Work to be completed: Everything from the line containing "12329 Hulson Trail, Fort Worth, TX 76052" through the last line of the entries needs to be repeated exactly. Pictures must be left out.

Records supplied:
"""

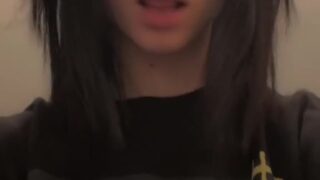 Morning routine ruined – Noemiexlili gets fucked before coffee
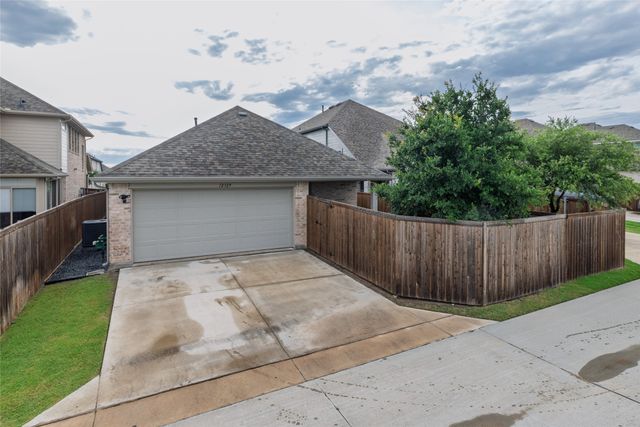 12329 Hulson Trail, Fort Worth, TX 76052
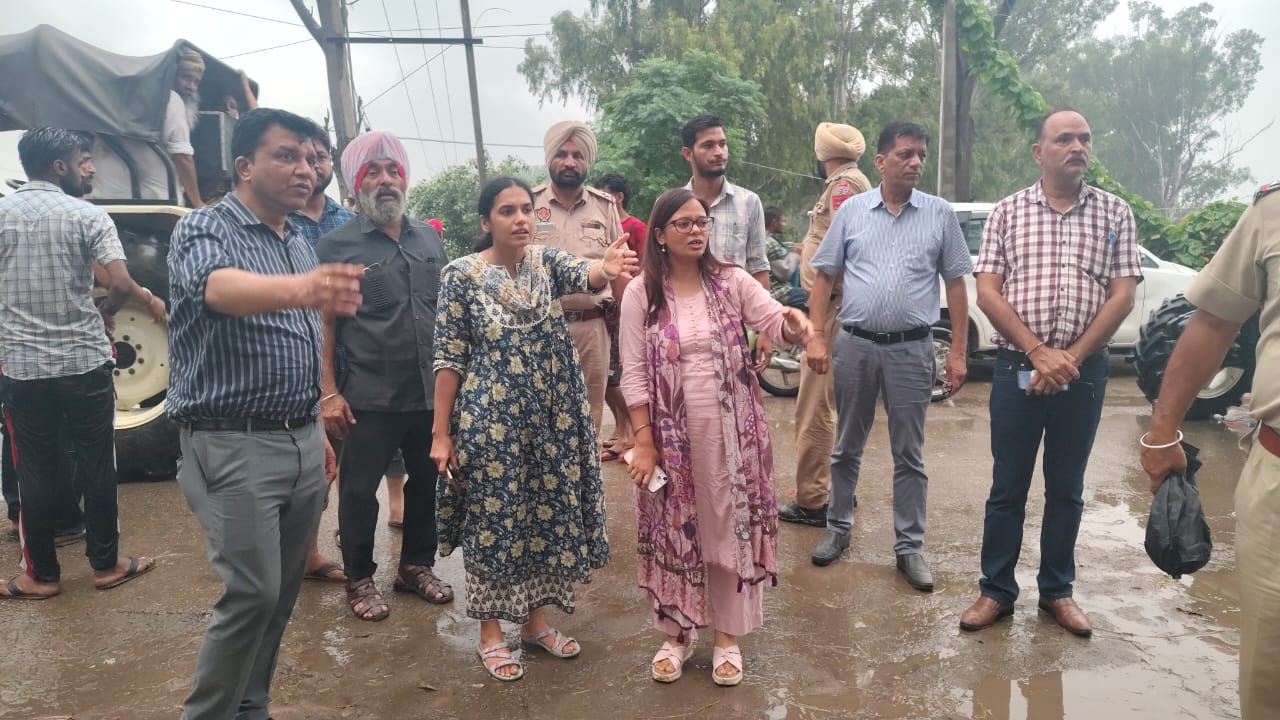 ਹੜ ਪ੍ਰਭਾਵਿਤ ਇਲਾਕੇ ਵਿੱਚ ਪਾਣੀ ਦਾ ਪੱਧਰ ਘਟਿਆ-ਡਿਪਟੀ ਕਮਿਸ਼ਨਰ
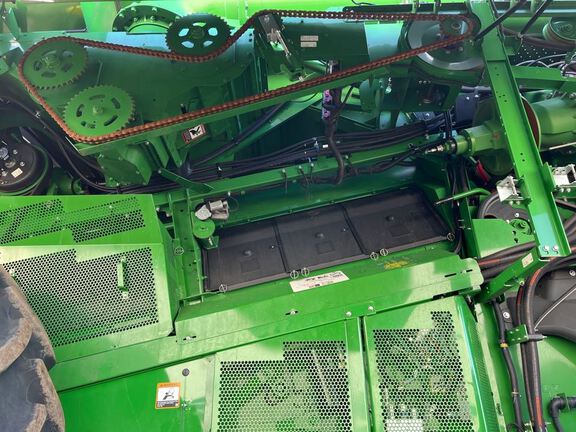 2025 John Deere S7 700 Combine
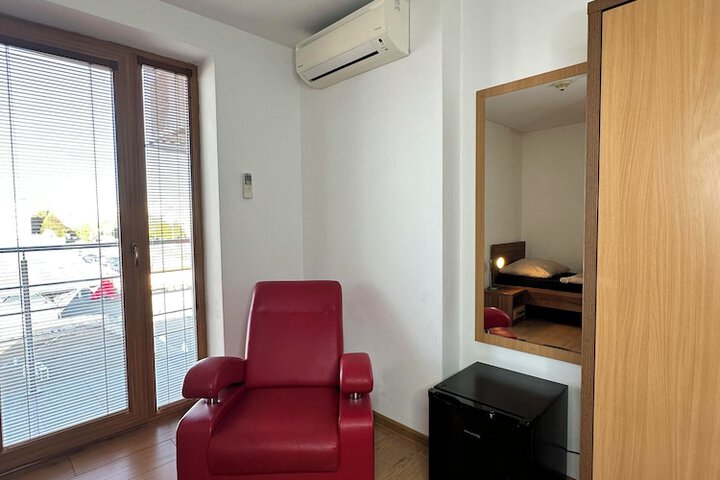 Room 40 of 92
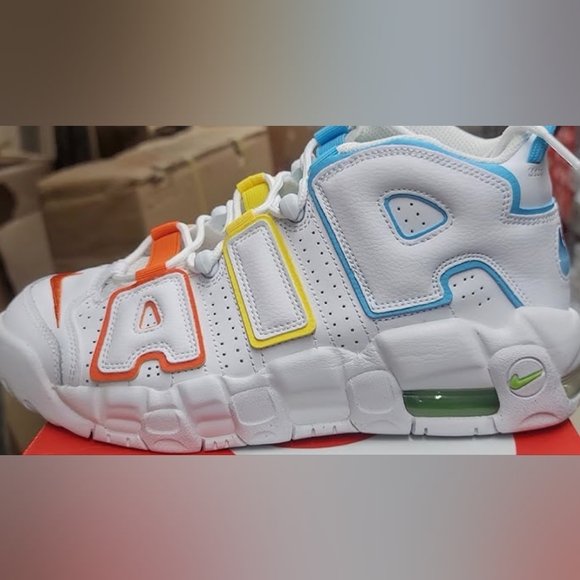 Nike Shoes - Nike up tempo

"""

Output of the task:
 12329 Hulson Trail, Fort Worth, TX 76052
 ਹੜ ਪ੍ਰਭਾਵਿਤ ਇਲਾਕੇ ਵਿੱਚ ਪਾਣੀ ਦਾ ਪੱਧਰ ਘਟਿਆ-ਡਿਪਟੀ ਕਮਿਸ਼ਨਰ
 2025 John Deere S7 700 Combine
 Room 40 of 92
 Nike Shoes - Nike up tempo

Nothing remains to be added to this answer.